GIVEN DATA -
::::::

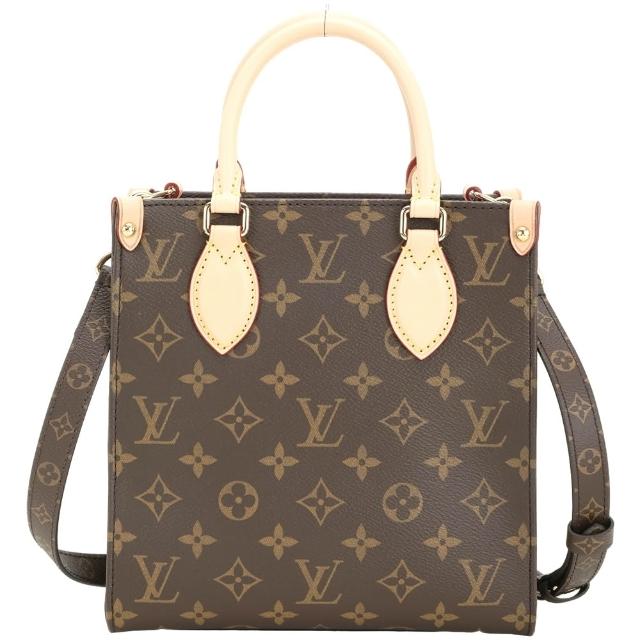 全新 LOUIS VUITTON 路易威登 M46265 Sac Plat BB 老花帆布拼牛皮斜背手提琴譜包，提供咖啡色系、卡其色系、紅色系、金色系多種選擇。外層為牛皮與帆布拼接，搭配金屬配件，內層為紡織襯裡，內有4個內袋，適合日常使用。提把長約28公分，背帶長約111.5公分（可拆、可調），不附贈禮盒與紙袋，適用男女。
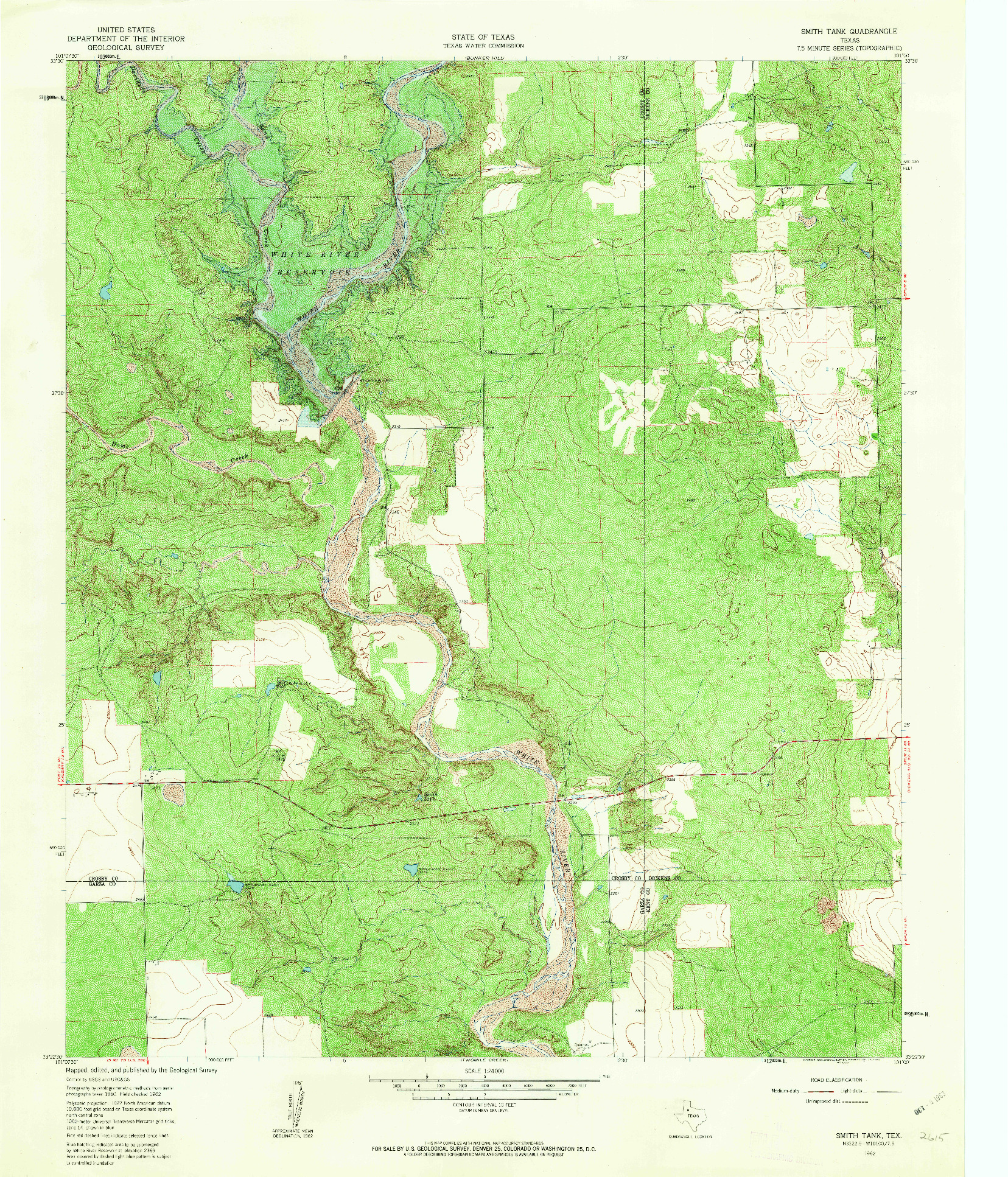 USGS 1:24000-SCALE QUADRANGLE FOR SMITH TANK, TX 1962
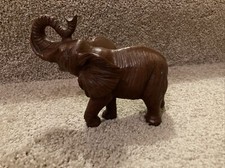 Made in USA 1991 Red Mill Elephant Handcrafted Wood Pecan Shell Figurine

::::::

INSTRUCTIONS TO FOLLOW -
Could you retype the whole listing word for word, minus its pictures?

RESPONSE TO THIS EXERCISE -
 全新 LOUIS VUITTON 路易威登 M46265 Sac Plat BB 老花帆布拼牛皮斜背手提琴譜包，提供咖啡色系、卡其色系、紅色系、金色系多種選擇。外層為牛皮與帆布拼接，搭配金屬配件，內層為紡織襯裡，內有4個內袋，適合日常使用。提把長約28公分，背帶長約111.5公分（可拆、可調），不附贈禮盒與紙袋，適用男女。
 USGS 1:24000-SCALE QUADRANGLE FOR SMITH TANK, TX 1962
 Made in USA 1991 Red Mill Elephant Handcrafted Wood Pecan Shell Figurine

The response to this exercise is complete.